* **What is needed**:
Read the data, and whenever a line holds the word "about", report that line.

+++

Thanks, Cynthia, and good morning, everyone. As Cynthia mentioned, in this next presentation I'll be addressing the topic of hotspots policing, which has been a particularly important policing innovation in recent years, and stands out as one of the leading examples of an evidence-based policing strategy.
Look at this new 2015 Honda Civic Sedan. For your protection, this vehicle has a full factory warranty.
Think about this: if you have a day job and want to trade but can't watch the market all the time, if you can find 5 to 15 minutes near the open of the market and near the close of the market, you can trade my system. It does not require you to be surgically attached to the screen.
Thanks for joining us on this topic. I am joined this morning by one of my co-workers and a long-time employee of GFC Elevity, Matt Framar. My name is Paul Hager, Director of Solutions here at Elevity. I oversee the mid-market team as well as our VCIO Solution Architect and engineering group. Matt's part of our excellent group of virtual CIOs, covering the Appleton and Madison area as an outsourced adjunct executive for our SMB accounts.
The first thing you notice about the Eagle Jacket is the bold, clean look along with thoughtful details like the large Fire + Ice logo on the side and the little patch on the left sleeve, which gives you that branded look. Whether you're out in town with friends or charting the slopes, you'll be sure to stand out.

+++

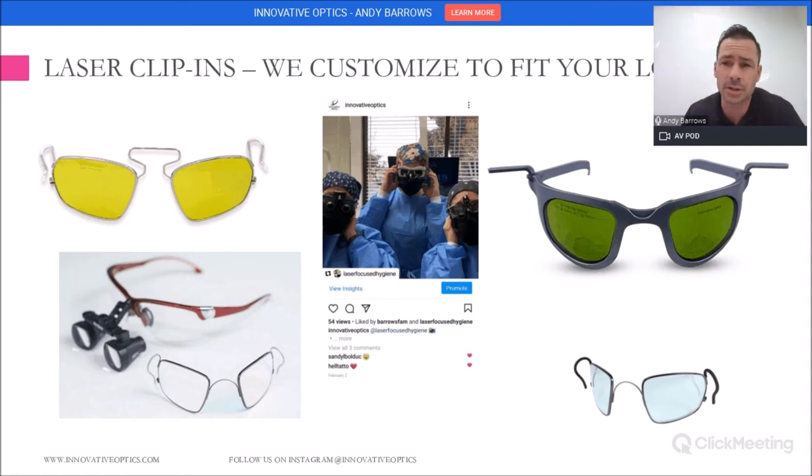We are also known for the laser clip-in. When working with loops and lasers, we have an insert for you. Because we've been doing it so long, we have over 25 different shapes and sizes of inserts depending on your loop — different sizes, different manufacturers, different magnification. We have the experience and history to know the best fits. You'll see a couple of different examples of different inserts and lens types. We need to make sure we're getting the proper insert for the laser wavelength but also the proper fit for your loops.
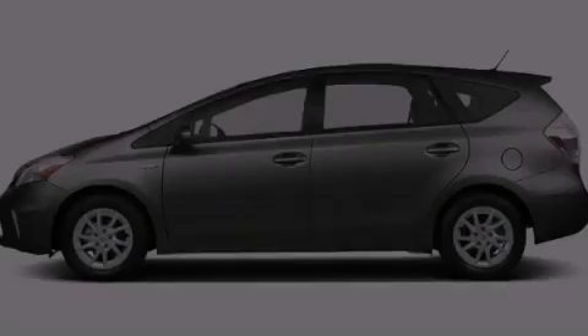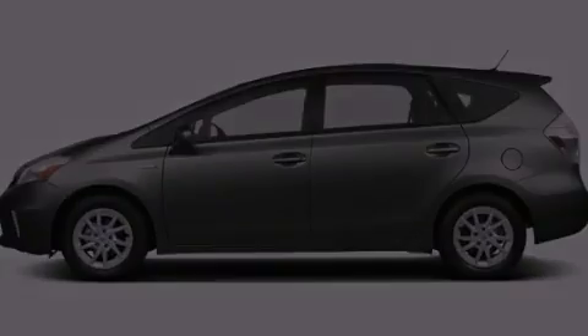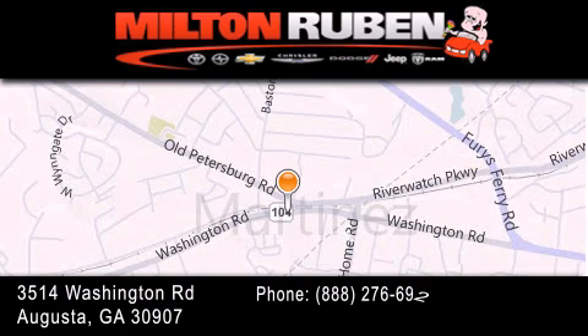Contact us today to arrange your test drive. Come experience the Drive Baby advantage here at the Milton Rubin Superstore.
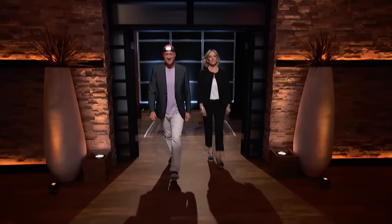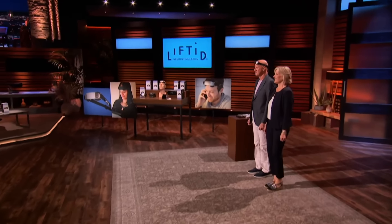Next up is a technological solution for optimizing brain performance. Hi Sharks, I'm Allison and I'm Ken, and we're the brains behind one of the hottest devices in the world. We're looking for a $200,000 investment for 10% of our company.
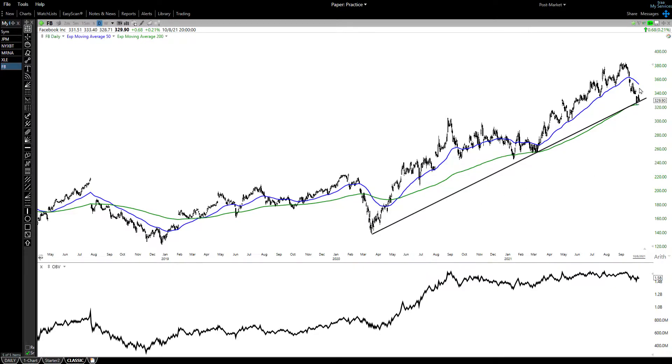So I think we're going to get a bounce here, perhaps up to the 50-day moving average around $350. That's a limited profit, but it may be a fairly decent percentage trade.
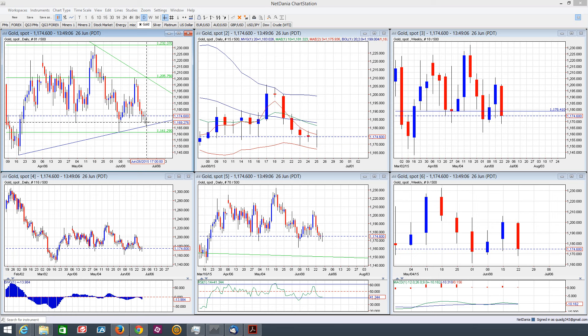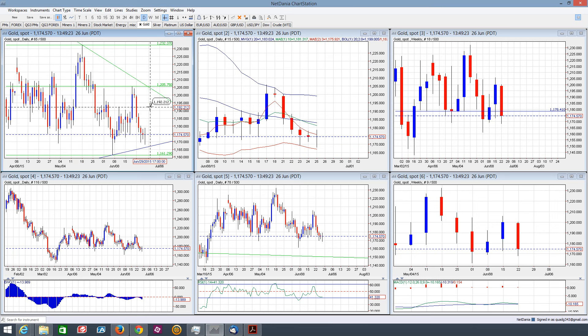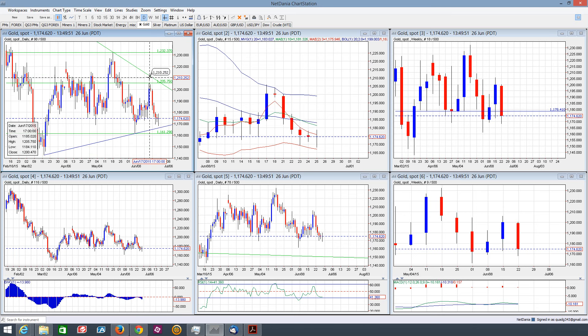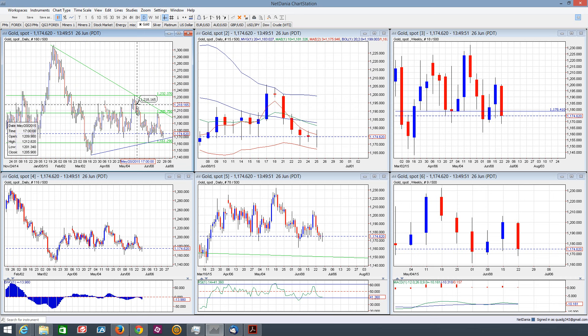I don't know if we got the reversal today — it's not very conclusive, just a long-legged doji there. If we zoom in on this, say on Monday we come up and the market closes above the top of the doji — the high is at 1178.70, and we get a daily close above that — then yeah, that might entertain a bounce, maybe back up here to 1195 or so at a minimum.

+++

* **Written response**:
Think about this: if you have a day job and want to trade but can't watch the market all the time, if you can find 5 to 15 minutes near the open of the market and near the close of the market, you can trade my system. It does not require you to be surgically attached to the screen.
The first thing you notice about the Eagle Jacket is the bold, clean look along with thoughtful details like the large Fire + Ice logo on the side and the little patch on the left sleeve, which gives you that branded look. Whether you're out in town with friends or charting the slopes, you'll be sure to stand out.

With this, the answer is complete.